Figures released yesterday covering three academic years (2012-2015) show that just 39% of bar professional training course graduates went on to a pupillage. When information about students who enrolled in the 2015/16 academic year is taken into account the proportion of students gaining pupillage drops to 37%. Overall, 19.7% of pupillages were awarded to BAME candidates while 48.2% were awarded to women.
Earlier this year, the Gazette reported that the BSB would be pressing ahead with reforms to the training regime for would-be barristers, agreeing to adopt a ‘managed pathways’ approach.
Currently, trainees undergo three stages of training: academic education, vocational training and work-based training. But the new approach would permit trainees to take different routes, including combining the sections.
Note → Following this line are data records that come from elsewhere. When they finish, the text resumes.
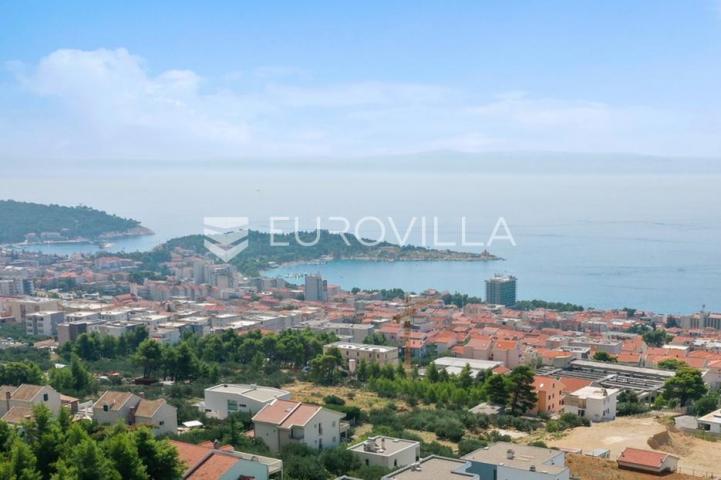Makarska, jednosoban stan, 2. kat, 58,3 m², s pogledom na more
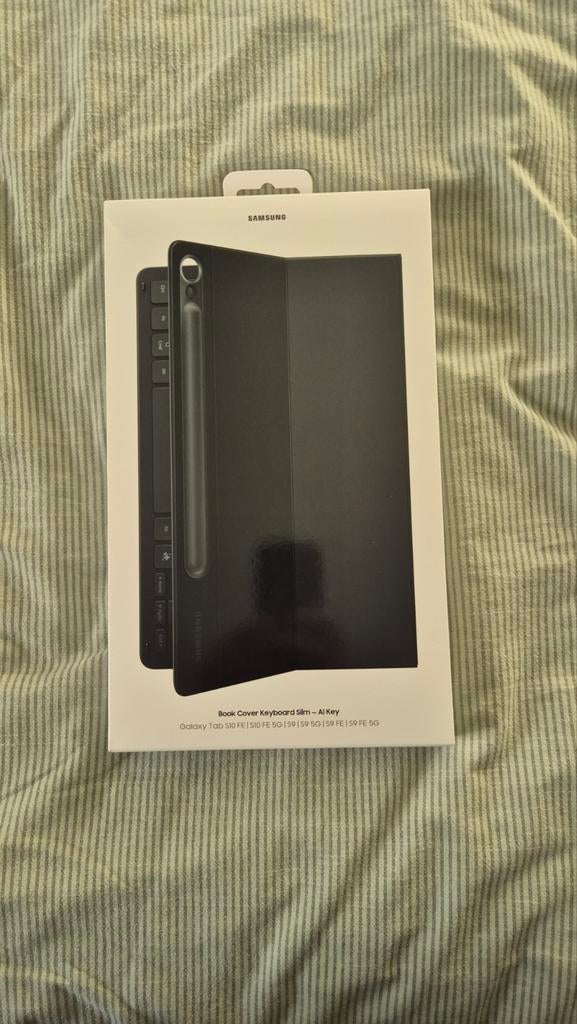 Nieuw Samsung Galaxy Tab Book Cover Keyboard Slim, Computers en Software, Tablet-hoezen, Ophalen, Nieuw, Bescherming voor- en achterkant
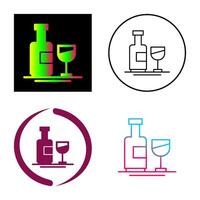 Wine Bottle Vector Icon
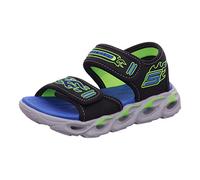 Skechers Thermo-Splash - Heat-Flo Große Jungen schwarz leuchtende Sandalen, schwarzes, 29 EU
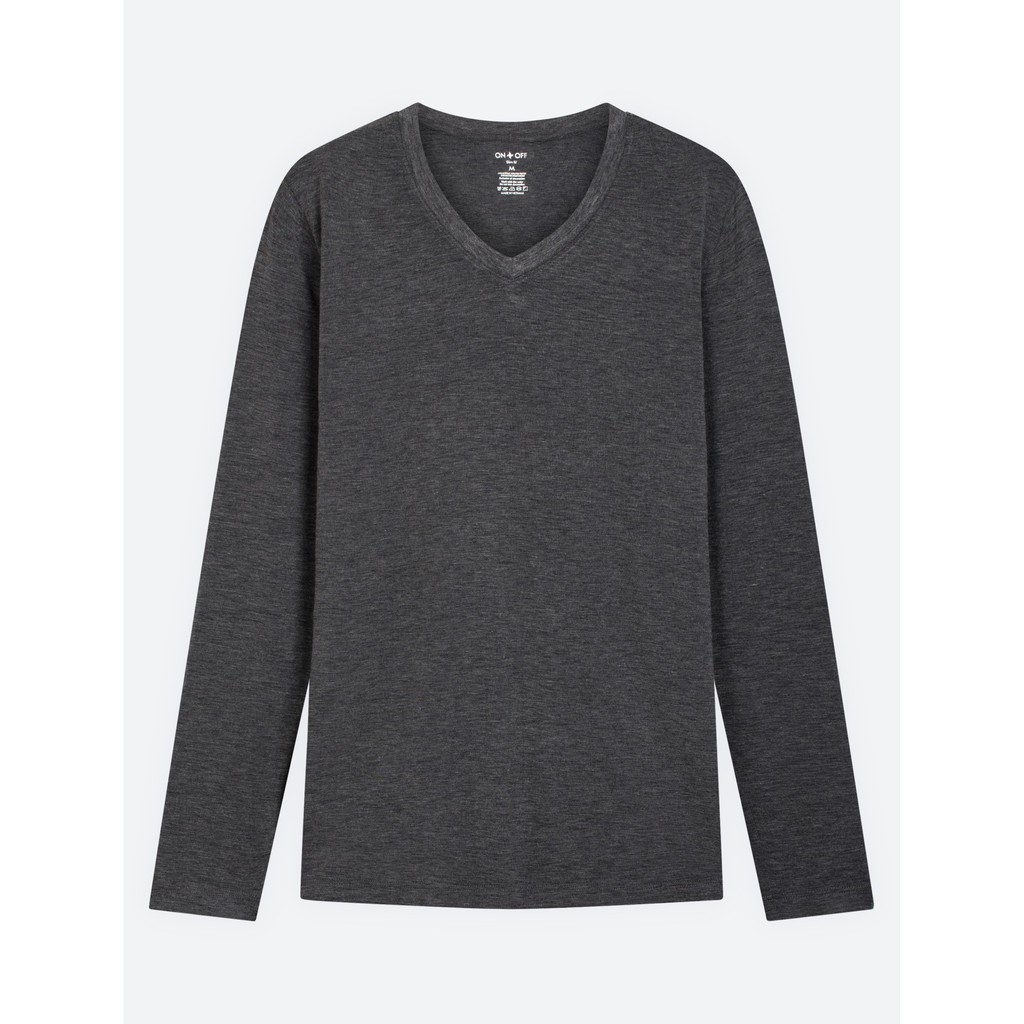 [Mã WABRON50K giảm 10% tối đa 50K đơn 250K] Áo giữ nhiệt nam cổ tim ONOFF - TL17001 | BigBuy360 - bigbuy360.vn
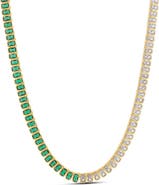 SHYMI Half and Half Tennis Necklace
Ewen MacLeod, director of strategy and policy at the BSB, said the statistics would provide a benchmark to help the regulator measure the success of alternative approaches that will be authorised as part of the Future Bar Training programme.
Future training regimes were discussed at an event held last night called ‘Future Bar Training: Next Steps’ at which members of the profession and academics disussed how training could develop.
Justine Davidge, chair of the BSB’s education and training committee, said key requirements for the new training regime – which will be introduced by September 2019 at the earliest - were improving accessibility, affordability and flexibility while maintaining high standards.
Professor Lisa Webley, professor of empirical legal studies at the University of Westminster, said providers should be encouraged ‘to be creative in their approach’, including through distance learning. She added that a challenge would be to establish to what extent that the bar accepts creativity. ‘If certain chambers and the employed bar are clear that certain routes are unlikely to be favoured then that messaging needs to be made clear,’ she said.
Vanessa Davies, director general of the BSB, revealed that the regulator had been in touch with the Solicitors Regulation Authority so that the regulators could work together to ensure ‘students know the best pathway to take to become a lawyer’. Unlike the SRA, the BSB is not planning a centralised ‘super examination’.
A review of how pupillages could be made more effective was also discussed.
Katherine Barnes, co-chair of Young Legal Aid Lawyers, said people’s experience of pupillage varied hugely depending on type of chambers and practice area.
One area that could be reviewed, though not scrapped, is the relationship between pupil and supervisor, she said. ‘We have heard reports of supervisors having personality clashes with pupils or of supervisors simply using pupils to do all their work,’ she said.